The UN sounds the alarm on “extrajudicial killings” in Afghanistan
A senior UN human rights official sounded the alarm on Tuesday over “credible allegations” of extrajudicial killings in Afghanistan since the Taliban takeover earlier this year.
“Between August and November, we received credible allegations of over 100 killings of former Afghan national security forces and others associated with the former government, at least 72 of which are attributed to the Taliban,” Nada said. Al-Nashif of the UN. Deputy High Commissioner for Human Rights.
This was after the Taliban declared a general amnesty in Afghanistan after taking control of the capital Kabul on August 15.
The statement comes days after New York-based Human Rights Watch said Taliban forces have carried out revenge attacks since taking control of the war-torn country.
Responding to the report, Abdul Qahar Balkhi, a spokesman for the Taliban administration, said they were “fully determined” to implement the amnesty. According to him, the incidents will be investigated and officials violating the order will be “prosecuted and punished”.
Al-Nashif also briefed the UN rights office on the humanitarian situation in Afghanistan, claiming that “economic life is largely paralyzed with the collapse of the banking system and a severe liquidity crisis.”

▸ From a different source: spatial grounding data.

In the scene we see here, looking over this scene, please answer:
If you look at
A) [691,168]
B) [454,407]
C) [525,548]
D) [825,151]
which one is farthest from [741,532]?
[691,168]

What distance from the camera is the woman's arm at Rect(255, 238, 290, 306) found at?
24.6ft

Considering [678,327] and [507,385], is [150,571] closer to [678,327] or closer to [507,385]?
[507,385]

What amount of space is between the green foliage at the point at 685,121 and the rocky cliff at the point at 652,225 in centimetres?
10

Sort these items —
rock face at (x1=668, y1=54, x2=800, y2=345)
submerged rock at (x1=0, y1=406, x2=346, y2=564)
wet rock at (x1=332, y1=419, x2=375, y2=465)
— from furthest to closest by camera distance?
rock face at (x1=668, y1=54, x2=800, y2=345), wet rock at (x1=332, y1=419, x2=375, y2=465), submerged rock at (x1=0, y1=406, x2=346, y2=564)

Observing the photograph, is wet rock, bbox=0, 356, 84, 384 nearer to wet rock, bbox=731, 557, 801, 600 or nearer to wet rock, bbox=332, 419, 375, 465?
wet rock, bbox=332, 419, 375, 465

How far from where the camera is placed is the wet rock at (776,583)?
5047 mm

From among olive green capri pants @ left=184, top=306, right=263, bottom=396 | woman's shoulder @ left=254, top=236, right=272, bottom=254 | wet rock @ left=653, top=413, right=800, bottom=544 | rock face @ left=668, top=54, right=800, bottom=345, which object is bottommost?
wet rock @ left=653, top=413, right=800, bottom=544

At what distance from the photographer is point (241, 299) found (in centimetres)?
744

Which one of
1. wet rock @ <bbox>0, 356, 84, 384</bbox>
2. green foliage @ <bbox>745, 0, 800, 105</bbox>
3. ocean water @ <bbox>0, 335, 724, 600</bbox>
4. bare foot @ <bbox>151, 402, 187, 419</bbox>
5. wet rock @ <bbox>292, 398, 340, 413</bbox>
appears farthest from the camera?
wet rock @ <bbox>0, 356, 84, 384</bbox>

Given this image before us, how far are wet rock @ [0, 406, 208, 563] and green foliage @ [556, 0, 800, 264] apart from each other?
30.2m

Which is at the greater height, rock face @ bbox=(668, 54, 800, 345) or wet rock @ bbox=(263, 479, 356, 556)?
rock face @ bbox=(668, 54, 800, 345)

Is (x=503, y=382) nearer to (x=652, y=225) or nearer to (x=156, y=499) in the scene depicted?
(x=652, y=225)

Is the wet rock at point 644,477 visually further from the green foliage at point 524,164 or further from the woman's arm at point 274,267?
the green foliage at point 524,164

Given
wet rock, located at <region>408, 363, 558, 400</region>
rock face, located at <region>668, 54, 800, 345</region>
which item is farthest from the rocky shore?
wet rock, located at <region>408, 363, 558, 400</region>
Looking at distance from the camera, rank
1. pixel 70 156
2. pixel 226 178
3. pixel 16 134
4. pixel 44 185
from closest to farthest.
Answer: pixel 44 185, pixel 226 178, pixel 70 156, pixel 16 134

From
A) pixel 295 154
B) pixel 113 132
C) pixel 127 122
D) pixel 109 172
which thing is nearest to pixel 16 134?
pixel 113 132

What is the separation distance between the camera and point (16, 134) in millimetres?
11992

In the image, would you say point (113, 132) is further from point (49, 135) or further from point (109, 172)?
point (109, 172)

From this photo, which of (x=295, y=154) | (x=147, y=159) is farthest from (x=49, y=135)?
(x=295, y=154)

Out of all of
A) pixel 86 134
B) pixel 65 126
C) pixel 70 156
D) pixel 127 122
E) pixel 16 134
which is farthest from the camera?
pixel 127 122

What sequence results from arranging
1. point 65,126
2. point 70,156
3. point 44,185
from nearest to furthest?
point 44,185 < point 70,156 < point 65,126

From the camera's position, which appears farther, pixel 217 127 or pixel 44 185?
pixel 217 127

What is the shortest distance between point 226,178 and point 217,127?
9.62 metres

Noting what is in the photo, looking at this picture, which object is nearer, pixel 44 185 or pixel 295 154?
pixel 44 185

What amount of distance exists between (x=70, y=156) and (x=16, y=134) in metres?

She said the Taliban takeover “has brought a difficult end to the fighting against government forces in the country, but the current situation leaves the population with little human rights protection.”
Women and girls face great uncertainty about the rights to education, livelihoods and participation, she added.
The UN official said the decree on women’s rights issued by the interim government on December 3 “represents an important signal but leaves many questions unanswered.”
“For example, it does not specify a minimum age for marriage, nor does it refer to the broader rights of women and girls to education, work, freedom of movement or to participate in public life. .
The Taliban have banned forced marriage in Afghanistan, saying women should not be considered “property” and must consent to marriage.